The Best of the Rest

Because of the injuries to Morse and Pagan, the Giants will enter Wednesday night’s contest with plenty of question marks. Joaquin Arias, Gary Brown, Matt Duffy, Adam Duvall, Juan Perez, Guillermo Quiroz and Adam Susac comprise a bench that isn’t likely to strike fear into opposing pitchers, but could find themselves in key situations depending on how manager Bruce Bochy handles his substitutions. In the Pirates’ dugout, infielder Clint Barmes, first baseman Ike Davis and outfielders Gregory Polanco and Jose Tabata have more pedigree than the San Francisco reserves, but Davis and Polanco are liabilities against left-handers and may not see the batter’s box unless Bumgarner is out of the game.

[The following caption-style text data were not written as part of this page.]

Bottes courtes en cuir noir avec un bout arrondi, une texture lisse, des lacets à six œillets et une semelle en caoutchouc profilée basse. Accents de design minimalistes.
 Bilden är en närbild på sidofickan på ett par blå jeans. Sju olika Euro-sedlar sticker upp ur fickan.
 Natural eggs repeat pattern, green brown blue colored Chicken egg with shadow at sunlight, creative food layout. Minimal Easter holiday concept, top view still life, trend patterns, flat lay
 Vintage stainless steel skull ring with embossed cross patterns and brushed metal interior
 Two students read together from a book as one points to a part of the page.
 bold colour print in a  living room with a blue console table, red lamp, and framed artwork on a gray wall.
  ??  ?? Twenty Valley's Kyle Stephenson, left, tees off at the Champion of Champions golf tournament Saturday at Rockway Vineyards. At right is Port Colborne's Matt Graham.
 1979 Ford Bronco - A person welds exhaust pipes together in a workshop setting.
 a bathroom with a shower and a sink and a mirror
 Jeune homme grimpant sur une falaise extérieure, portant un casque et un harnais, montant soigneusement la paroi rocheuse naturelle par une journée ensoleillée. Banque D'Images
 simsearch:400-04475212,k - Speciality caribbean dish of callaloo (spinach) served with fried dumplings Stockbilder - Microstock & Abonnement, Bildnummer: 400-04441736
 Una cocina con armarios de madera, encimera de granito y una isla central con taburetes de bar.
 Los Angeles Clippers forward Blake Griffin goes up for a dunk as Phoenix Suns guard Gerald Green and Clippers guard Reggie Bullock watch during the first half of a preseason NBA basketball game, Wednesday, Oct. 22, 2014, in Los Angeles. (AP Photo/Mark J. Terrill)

Should the game rest on the success of the bullpens, both teams ranked in the top 10 in the league in bullpen ERA and each can match up with talented lefties and righties. The Giants feature veteran southpaws Jeremy Affeldt and Javier Lopez, along with righties Sergio Romo and Santiago Casilla. The Pirates are led by closer Mark Melancon (33 saves, 1.90 ERA) and lefty set-up man Tony Watson (10 wins, 34 holds, 1.63 ERA), two of the best in the business.

The Edge

If last night’s American League Wild Card Game (won 9-8 by Kansas City in 12 innings) is any indication, anything is possible. San Francisco will rely on Bumgarner to carry them through, while Pittsburgh will look to run up the score against a team that may not be able to match them blow for blow. Playing at home is always nice to have in a winner-take-all contest, and by virtue of their 4-2 head-to-head record against the Giants this season, the Pirates won the right to host Wednesday night’s game — and therefore hold the very slightest of advantages.